One of the major drawbacks of warfarin is its narrow therapeutic range and the relatively large interindividual susceptibility differences, which especially during the initial therapy may convey a considerable risk of serious bleeding. Genetic polymorphisms and mutations in VKORC15 that are associated with warfarin resistance determine ∼40% of the individual warfarin dose requirement, whereas CYP2C9 variants that affect the metabolism of warfarin explain another 7% to 10%.2,4,6 Additional factors such as age, sex, weight, and diet influence warfarin dose requirements, but it is intriguing to speculate that variations in expression or function of the second warfarin-resistant quinone reductase may provide the missing piece of the interindividual warfarin susceptibility puzzle.

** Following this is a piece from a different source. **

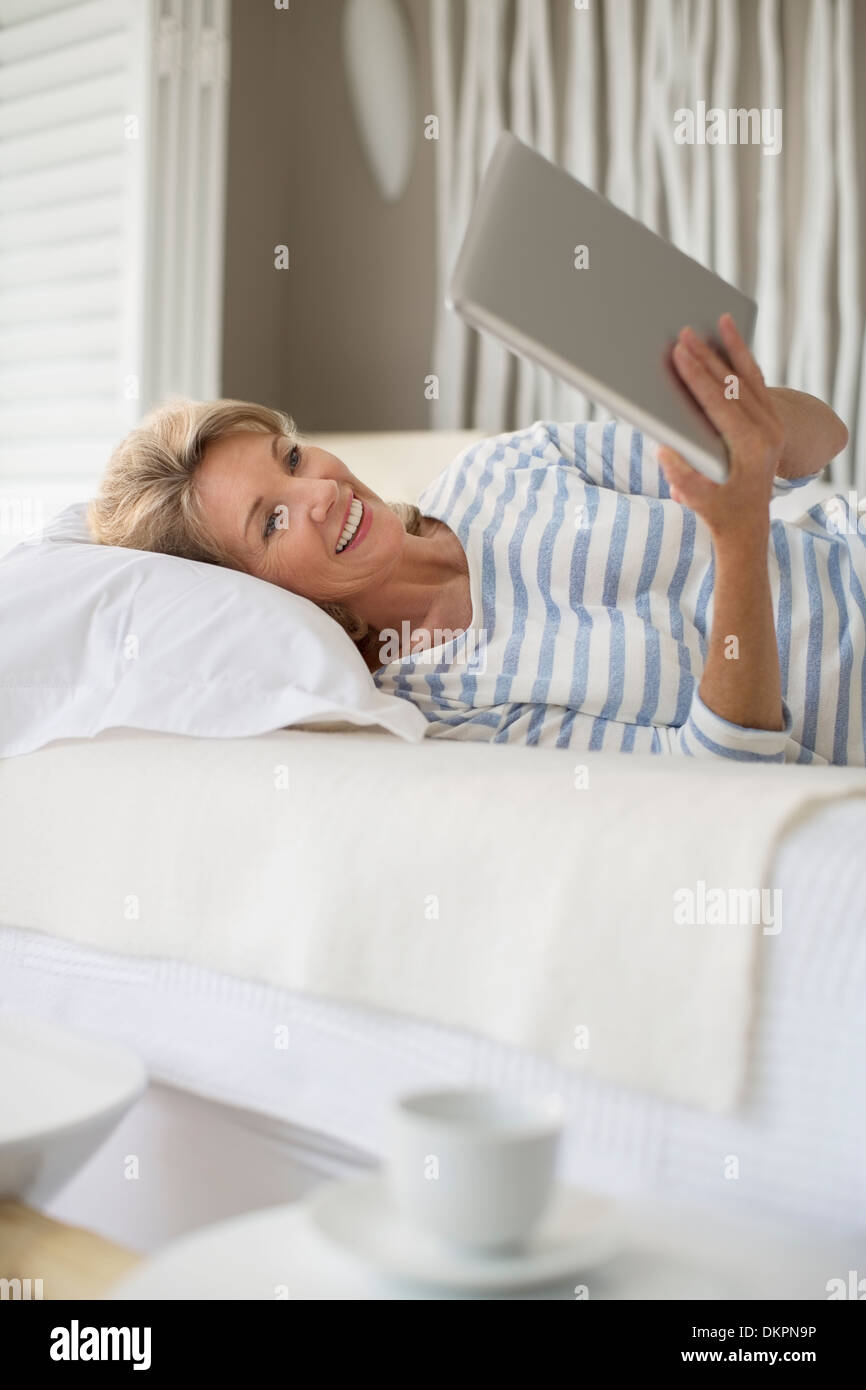 Older woman using digital tablet on bed Stock Photo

The existence of a second warfarin-resistant quinone reductase in the liver mediating the specific recycling of K to KH2 has long been deduced from the observation that high-dose vitamin K administration can overcome the effects of warfarin overdose.6,7 In search of this antidotal enzyme, several candidates have been proposed but to no avail to date. For instance, the VKORC1 paralog, VKORC1 like-1, with a 30- to 50-fold reduced sensitivity to warfarin (and warfarin derivatives),8 can partially compensate for VKORC1 deficiency during development but not after birth, suggesting that this paralog is unlikely to be the much sought after second warfarin-resistant quinone reductase in the liver.9

Although these insights paint a clearer picture of the molecular mechanism of VKORC1 and its inhibition by warfarin, additional studies are needed to complete the picture, which include understanding the mechanism of VKORC1 uncoupling by warfarin, the role for VKORC1 dimers, and the domain topology of VKORC1.3,7 Direct oral anticoagulants are increasingly replacing warfarin as the anticoagulant therapy of choice due to their improved safety profiles and ease of use.10 The extent of continued use of warfarin as an anticoagulant in the future will likely depend on whether a better understanding of the molecular mechanism by which warfarin inhibits VKORC1 can be translated into improved and safer dosing algorithms. The study by Rishavy et al suggests that variations in expression or function of the second warfarin-resistant quinone reductase, which remains unidentified to date, may be a more important variable in the physiologic response to warfarin than was previously appreciated.


  • Conflict-of-interest disclosure: The author declares no competing financial interests.